After growing old enough to look back on the places my dad calls work as though they are seconds homes — a childhood without them is one I never wish to know.

For eighteen years I took everything my family taught me about food and ingredients and culture for granted, willing to forfeit my Italian roots for a toaster strudel and a glass of chocolate milk at any time. I longed for the 6:30 PM sit down family dinner — the epicenter of American culture, the epitome of American family life. I was so caught up in the idea of the crappy taco Tuesdays and delivery pizza Fridays that all my friends had, that I took for granted how lucky I am that good food is the backbone of my existence.

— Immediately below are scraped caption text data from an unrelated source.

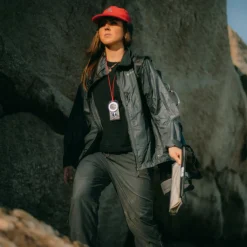 Silva Kompass Und Orientierung*COMPASS TYP 1933 - Kompass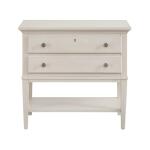 Birchaven Willow Nightstand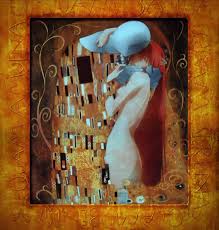 It S The Arts Anime Afterglow Anime Wall Art Awesome Anime Anime Shows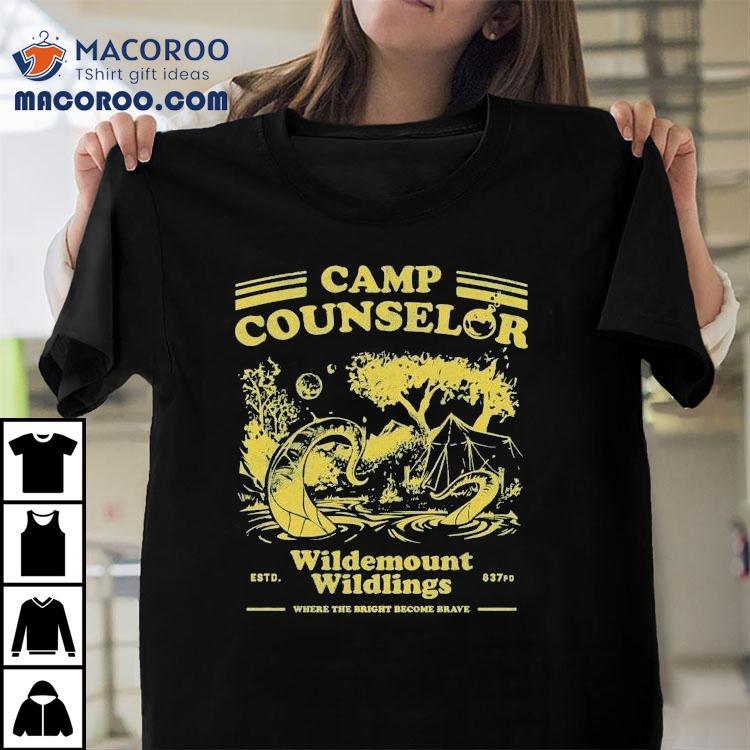 Wildemount Adventurers Answer The Call For Courage Critical Role Tshirt Wildemount Adventurers Answer The Call For Courage Critical Role Tshirt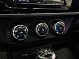 Toyota Corolla, 2014 года, пробег 236483 км
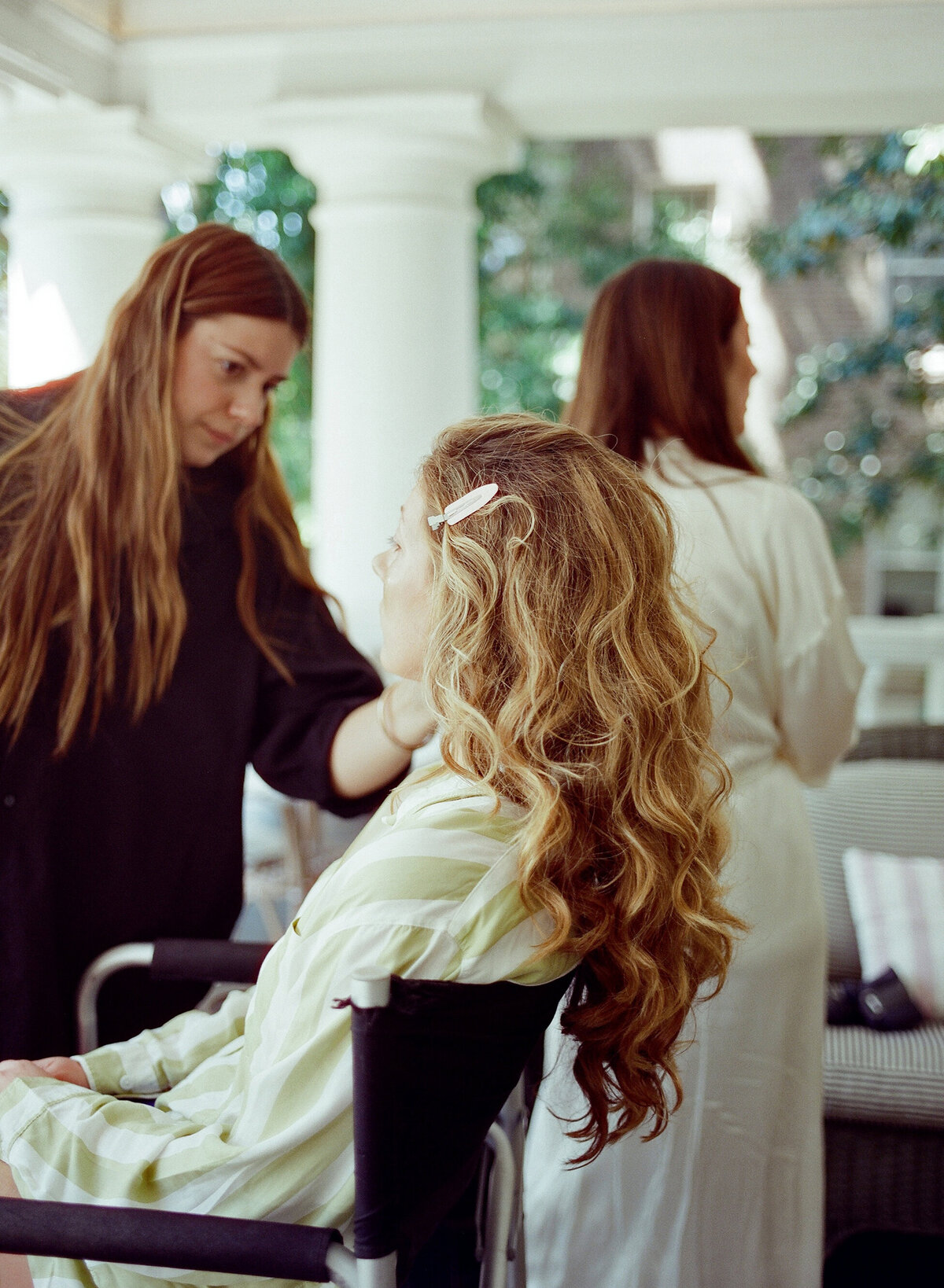 Abbey_Duncan_Wedding125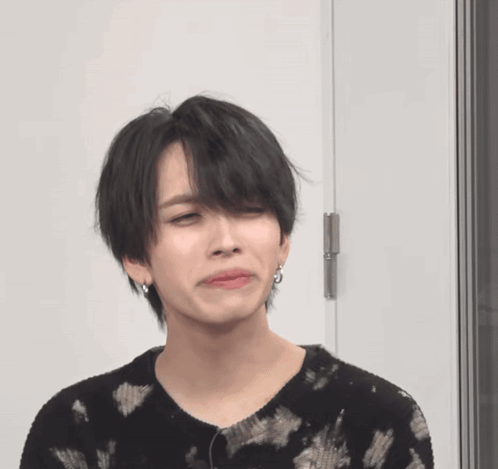 untitled.gif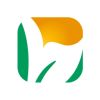 Holambelo Flores e Plantas logo - Similar company to Cooperflora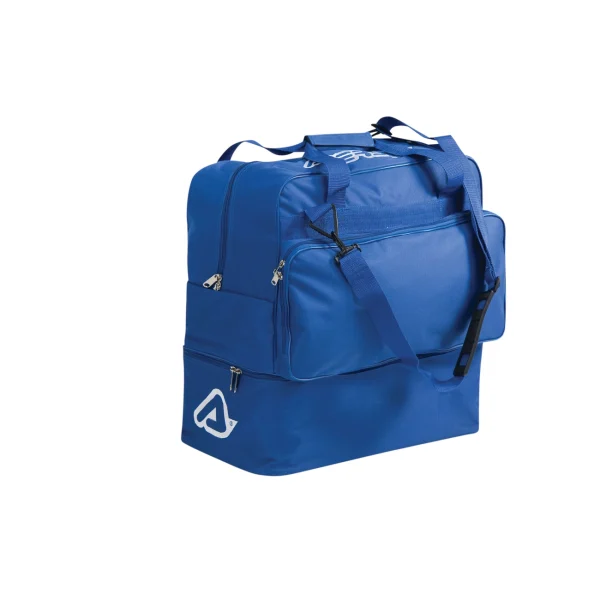 Boutique officielle Top 10 🧨 Football Acerbis Sac De Sport S Acerbis Atlantis 💯 1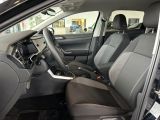 VW Taigo bei Reisemobile.expert - Abbildung (10 / 15)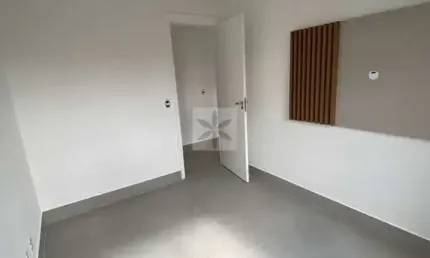 Condomínio Vitale - Apartamento em Taboão, São Bernardo do Campo/SP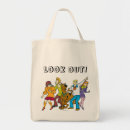 Search for inc bags Velma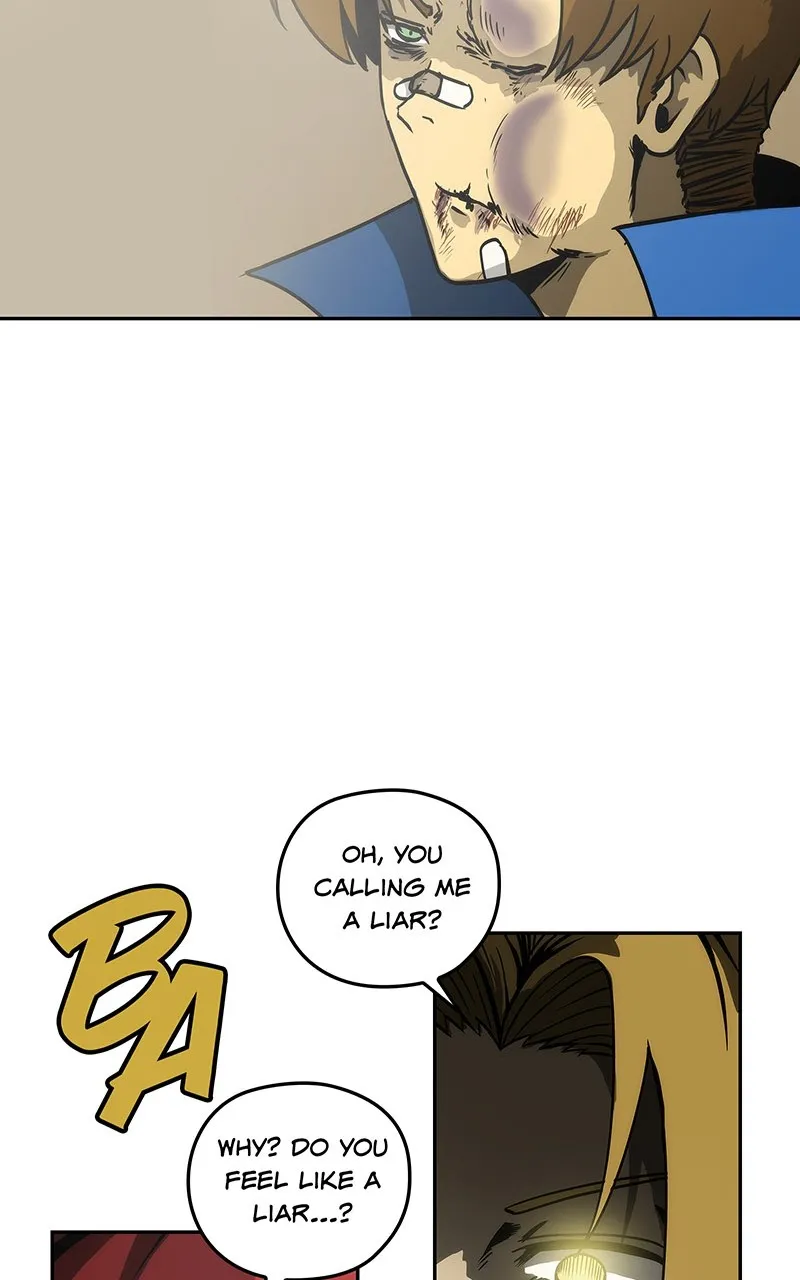 Fatal Reset Chapter 11 page 62 - 
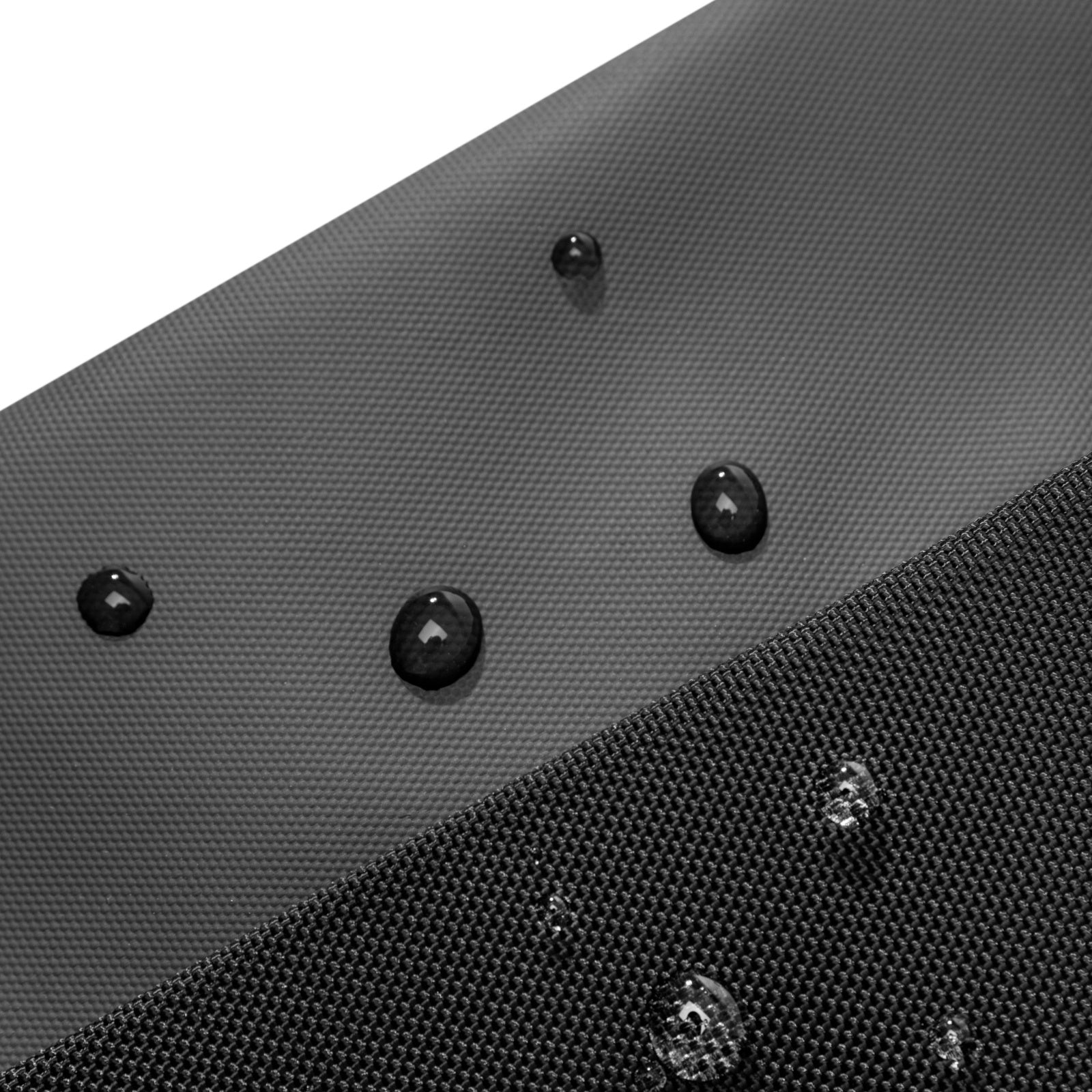 Navigator-T71 手提電腦背囊 24L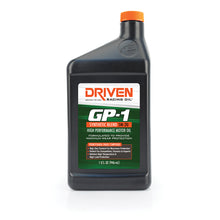 Load image into Gallery viewer, JGP19206.jpg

Once I was headed to Michigan, I was met with the realization that home, my home, and its foundation of real food, culture and fresh ingredients is a special idiosyncrasy, and makes me who I am.  There is no casserole or frozen pizza that comes near pizza made by someone with the last name Rallo. The way you can taste the passion nestled between melted mozzarella di bufala and tangy tomato sauce — all asleep in a dream-like state on a chewy pillow of pizza dough, made from my dad’s hands and heart, is something that means coming home. It took being surrounded by dining hall food and fast food and eating snacks for dinner because there aren’t enough hours in a day to realize that I should’ve stopped to smell the roses, or the fresh basil adorned on a white hot crackling pizza, when I still had the chance.

I am lucky to have traditions, to have culture and a foundation of love and support through pizza and pasta and wine. These traditions may not be typical or standard, but they’re the very scripture my family lives and breathes by. For me, coming home means Sunday dinners, meals we cook without recipes, l’ingrediente primo, the way my grandfather taught my father to make meatballs — with chunks of crusted bread as a secret ingredient, and the palate of a pint sized Italian grandmother, (who is also organic). I’d never call my mother, or text her rather, to tell her I’m not coming home for dinner when I do get the chance to be back home in New Jersey. Currently, I’m surrounded by a lot of frozen food, and a lot of cooking that makes me long for my childhood kitchen table’s inviting glow. So when I do get the chance to be back with the people I love, I always make sure I’m sharing the table with them. I thank the places I’ve been for making me realize how remarkable a Rallo dinnertime is, no matter how atypical; but more importantly, how wonderful the people I share it with are. I am lucky that my father taught me that no matter what we eat not just to nourish, but to share, celebrate and love.

Where am I headed on August 6th, when my current adventure wraps up? Not to the frozen section of the grocery store, or for microwave quesadillas.

It’s an easy answer: I’m headed toward l’ingrediente primo, I’m headed home.